Maintenance and the consumer society

One might think that with the growth of consumerism that we would naturally consume more maintenance products for our homes, but the trend seems to be the opposite.

The rush to be at the front of the queue for the latest gadgets etc does not sit well with the need for the regular and mundane nature of building maintenance. Checking whether you have cracked render, failed silicon around the windows, leaking gutters etc is not as glamorous as a new internet accessing tool.

So I often find that some houses with easily fixable problems (like many damp issues) get to the state where a ‘damp proof expert’ ends up recommending an expensive (and completely inappropriate) solution. These homes are often stuffed to the gunnels with disposable electronic kit, so there is not a lack of money, just a lack of priorities.

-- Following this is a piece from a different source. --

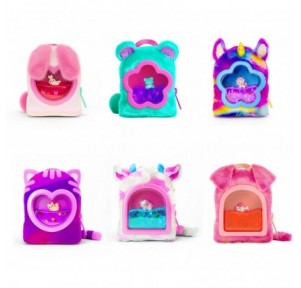 Real Littles Mochila Coleccionables Liquid Charms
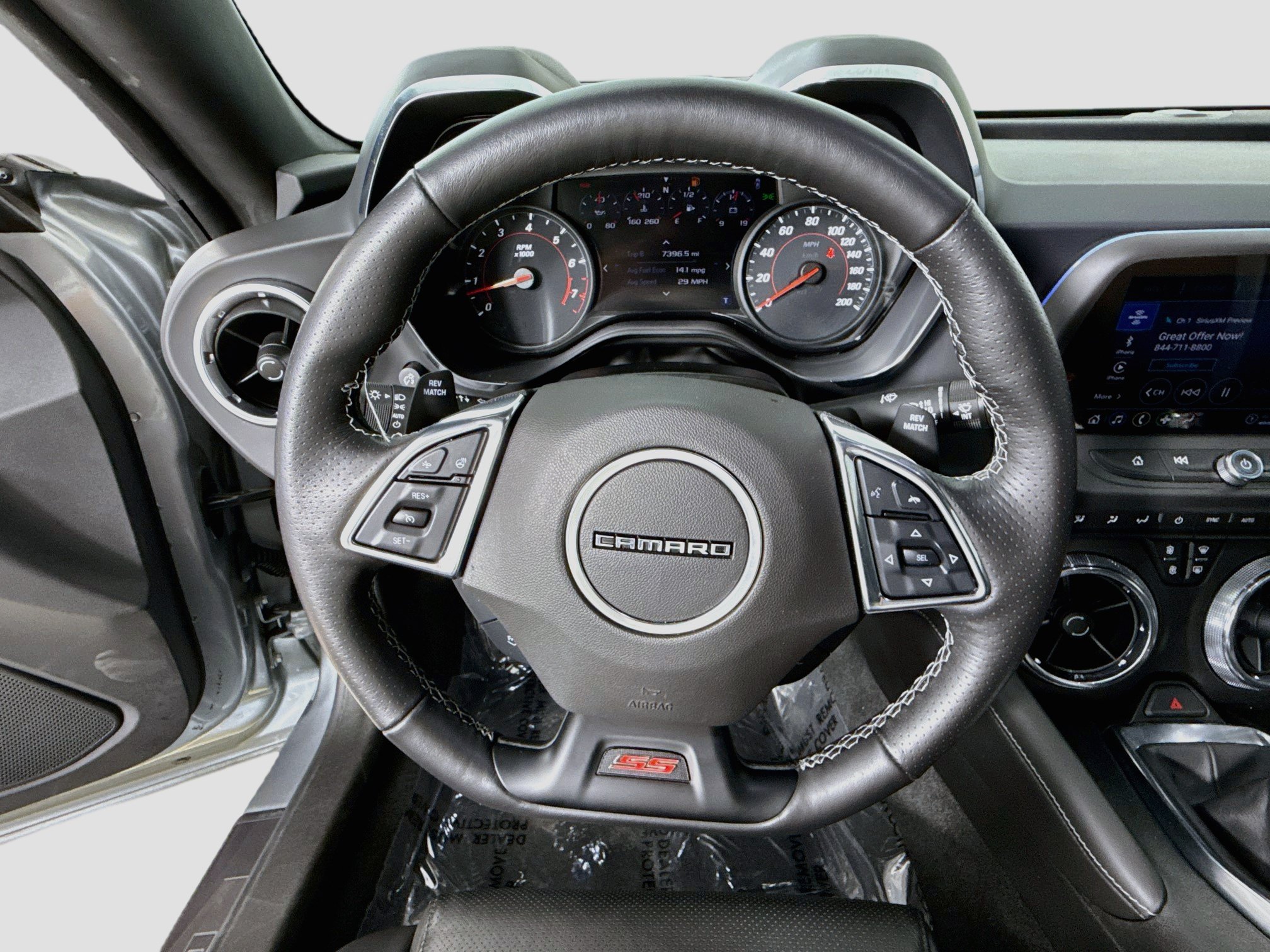 Used 2024 Chevrolet Camaro SS RWD image 13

The ‘quick fix’ nature associated with modern consumerism doesn’t help here either. Once people see that they have a problem any solution must be quick, cheap, no hassle, immediate, … Unfortunately, due to the delay in acting they have often missed the boat. If maintenance is done regularly then you can use quick fix solutions. For example:

If you see that your silicon has failed around the windows, then it is a quick job to remove the old and replace with new. This will stop any more water getting into the structure. Simple. However, because people don’t do this, the first they will know will be when damp has penetrated through the structure and the plaster inside has failed. This then becomes a job that might involve replastering, redecorating etc.

Exmaple #2: If you see that the ventilation grills on your ground floor are becoming blocked, just clean them up. Simple. If you don’t then your solum (underfloor area between the wooden floor and the earth) won’t work properly and eventually the floor joists will start to rot etc. This then becomes a major job. It will also take a nasty turn, as the builder coming in will fill your mind with having the floor replaced with a concrete one. This will of course be maintenance free!!! Naturally the new concrete floor with cause a range of new damp problems, ……….

So take a break from the computer / curved screen TV / smarter (than 6 months ago) phone and get outside and have a look at your biggest ever investment and give it a few precious minutes of your time. This will save you a lot of heartbreak, money and time resources in the long term. A few basic tools will allow you to do most of the work yourself (or it will be cheap for a good handyperson to fix for you). Houses are not as addictive as modern consumerist stuff, but they can a real drain on your resources if you ignore them for too long.

I would recommend checking the following:

Windows and door seals (esp. those facing the prevailing winds)


Renders / pointing (again esp. those facing the wind and rain)

Drains around the house (to ensure that water is being taken away from the walls)

The roof (to spot any broken or slipped tiles)

Vents and extracts (clear to ensure that they are working properly)

I reckon that a thorough check will take around 5 or 10 mins. 

Then it is a case of keeping your eyes, nose and ears open for any changes. A new drip might be the first sign of a guttering issue. A small damp patch might indicate the need for a check of the seals around the window. A musty smell might alert you to a blocked vent, ….

So when you look at it this way, actually you can fit in all the consumerist stuff that you like and some basic checks on your home. For more guidance on maintenance, especially on older properties have a look at Cadw’s Maintenance Matters website.